= Louis E. Levinthal =

Jewish-American lawyer & judge (1892-1976)

Louis Edward Levinthal (April 5, 1892 – May 16, 1976) was a Jewish-American lawyer and judge from Philadelphia.

==Formative years and family==
Levinthal was born on April 5, 1892, in Philadelphia, Pennsylvania, the son of Bernard L. Levinthal and Minna Kleinberg. His father was a prominent Orthodox rabbi from Lithuania, and his brother Israel H. Levinthal was a rabbi in Brooklyn, New York.

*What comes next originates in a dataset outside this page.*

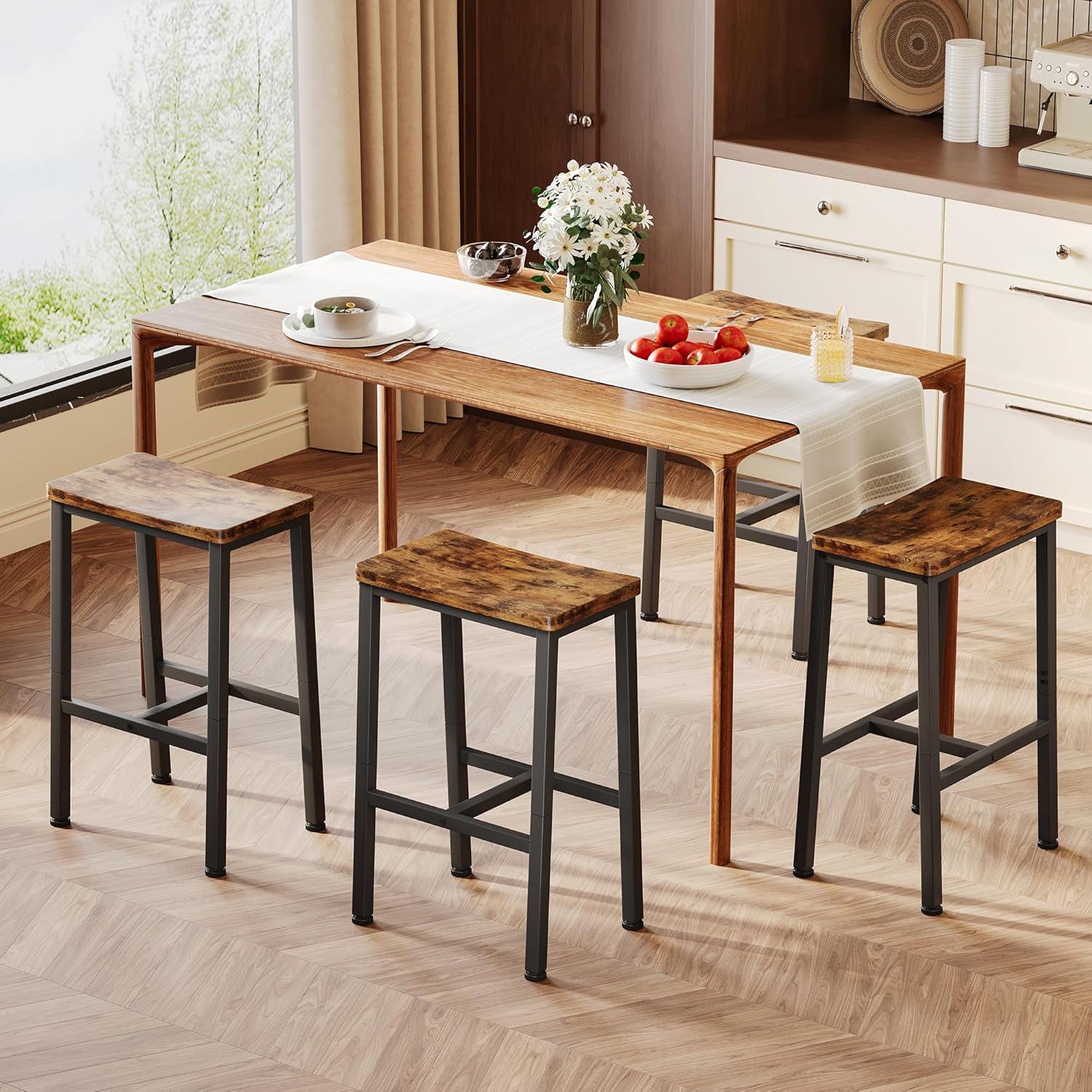 imageHomeiju Bar Stools Counter Height Bar Stools Set of 2 236 Inch Saddle Stools with Footrests Industrial Kitchen Counter Seat for Dining Room Kitchen Counter Rustic Brown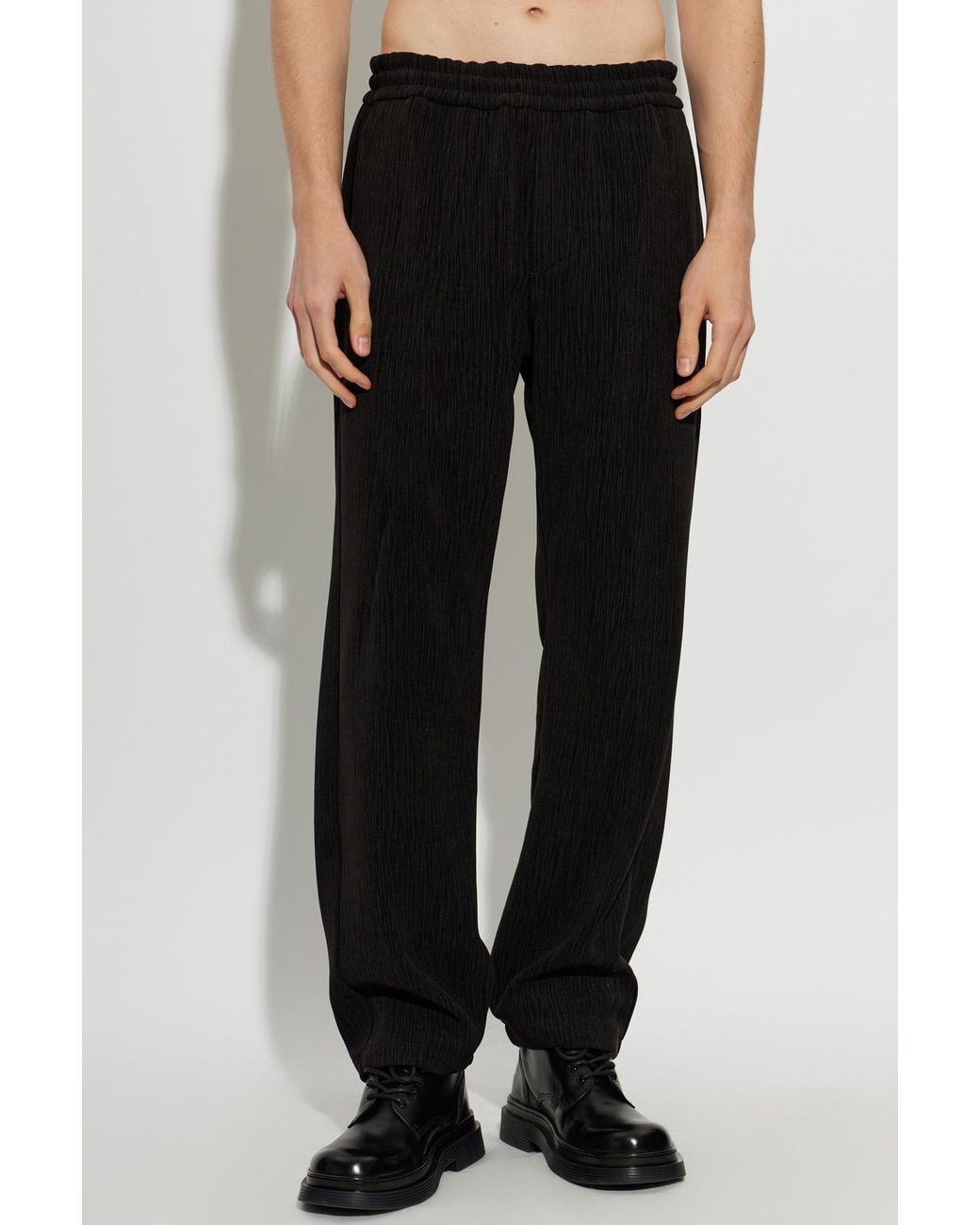 Post Archive Faction PAF Black Elastic-Waist Trousers for men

Levinthal attended the Central High School from 1906 to 1910. He graduated from the University of Pennsylvania with an A.B. in 1914 and from the University of Pennsylvania Law School with an LL.B. in 1916 and an LL.M. in 1918. He was editor of the University of Pennsylvania Law Review, a leader of the Inter-Collegiate Zionist Society and Menorah, earned numerous undergraduate honors, and received the Gowen Memorial Fellowship for post-graduate studies at the Law School. The university published his History of Bankruptcy Law and his study on the opinions of Judge Mayer Sulzberger.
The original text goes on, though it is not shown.